While it was never really expected that the Retro Hugo winners would reflect the opinions of fans at the time (and this was, in fact, one of the criticisms of the original proposal, that current-day voters would fail to mark what First Fandom thought were the right answers to this quiz, but that was never the goal in mind), the present-day electorate is heavily salted with geezers like me who know that 1944 is when Astounding was the best prozine — all you have to do is look at the fiction ASF and the other prozines published — so who else in all honesty can we be expected to vote for? If in 2020 Campbell’s many documented failings make him a distasteful Hugo choice, the decision should have been not to run these optional awards, not apologize for him winning, and not to orchestrate a vote for somebody else who didn’t do the quality of work Campbell did in 1944.
I No Awarded Campbell.
I put Raymond Palmer in #1 because I always thought that he didn’t get the recognition he deserved. Amazing Stories wasn’t a bad ‘zine at all, not as legendary as Astounding.
When I wrote about Palmer on my old blog some years ago, I got some comments about his belief in flying saucers and the hollow earth, but that’s really not any worse than Campbell’s belief in the inherent superiority of white people (which he wrote many editorials about) or his belief that tobacco smoking was actually better for your health than not (which he also editorialized about), nor his belief in ESP, or his early support of Dianetics…
So to answer your question, Mike, Palmer is who you could have voted for.
Actually, I don’t agree that Astounding was the best magazine of 1944. True, John W. Campbell for all his faults was a fine editor, he discovered a lot of great writers and published some true classics.

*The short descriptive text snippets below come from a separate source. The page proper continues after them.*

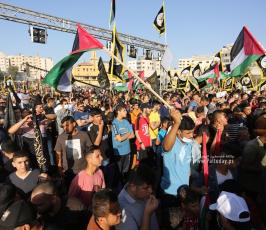 مهرجان سيف القدس (1)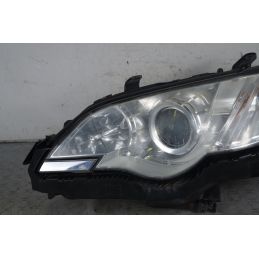 Faro Anteriore SX Subaru Legacy Dal 2003 al 2009 Cod 84001AG392  1732958723852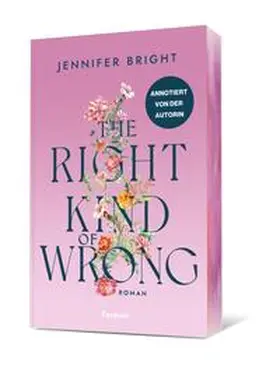 Bright |  The Right Kind of Wrong | Buch |  Sack Fachmedien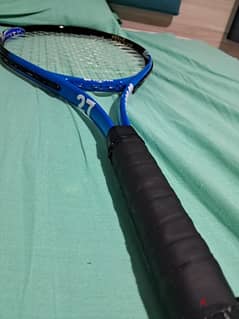 tennis racquet 0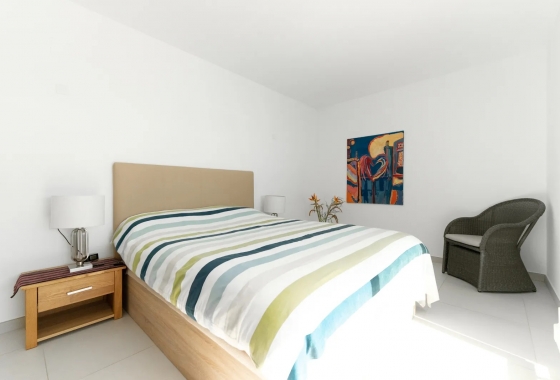 Rynek Wtórny - Poddasze - Orihuela Costa - Punta Prima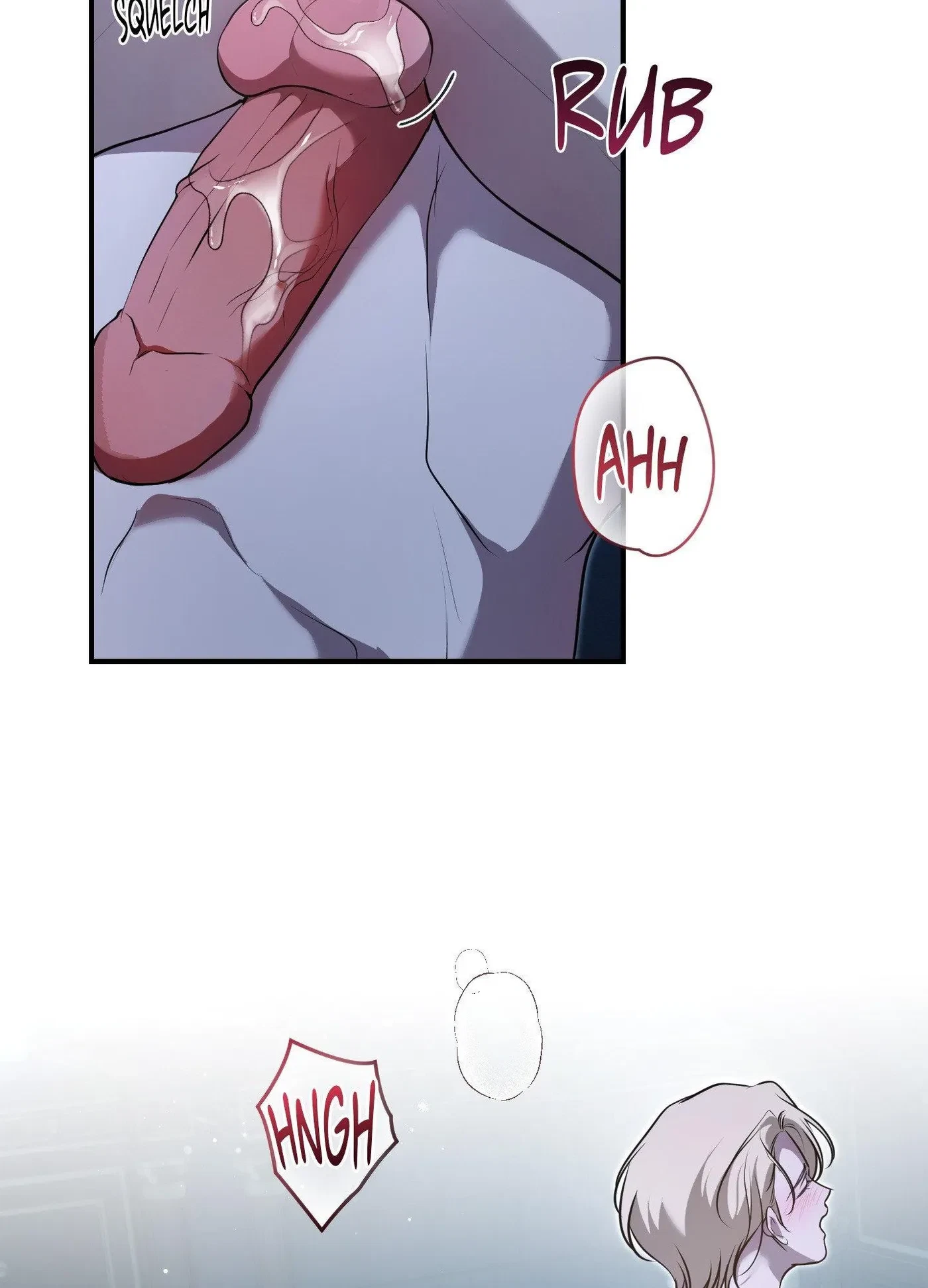 Insatiable Slave Chapter 42, page 4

However, having looked at the actual magazines (or scans thereof), I saw that while Astounding published some great stories in 1944 (the City stories – and yes, “Desertion” was robbed, “No Woman Born”, “The Children’s Hour”, which finished unfairly low, “Far Centaurus”, “When the Bough Breaks”, etc…), but Campbell also published a lot of dross, though the dross is largely and deservedly forgotten these days. One of those dross works – “Trog” by Murray Leinster – even made the ballot. And I’ve noticed that while Astounding had a lot of classic stories, some of which (the two Foundation stories) don’t hold up all that well, the bad Astounding stories truly were bad. Whereas even the lesser stories in Weird Tales and Planet Stories were always at the very least entertaining.

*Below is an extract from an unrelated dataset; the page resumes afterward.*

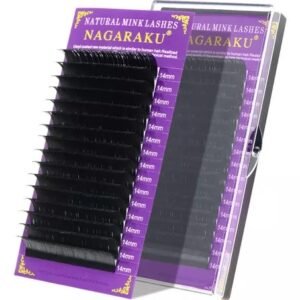 Blister Nagaraku 0.03D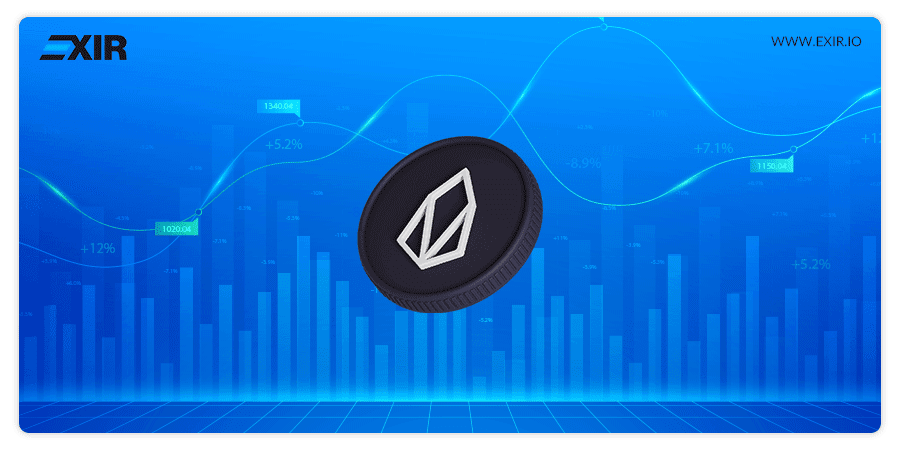 ایاس EOS چیست؟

In general – and I reviewed more than 30 stories from 1944 – I found that Weird Tales had the highest overall quality and so I voted Dorothy McIlwraith in first place. I had Campbell in third or fourth place. I didn’t vote for Cthulhu in first place either – but for Captain Future, who was one of my SF entry drugs, The Shadow, Doc Savage and Pellucidar. I also didn’t vote for Voice of the Imagi-Nation, because I found most of the other zines better.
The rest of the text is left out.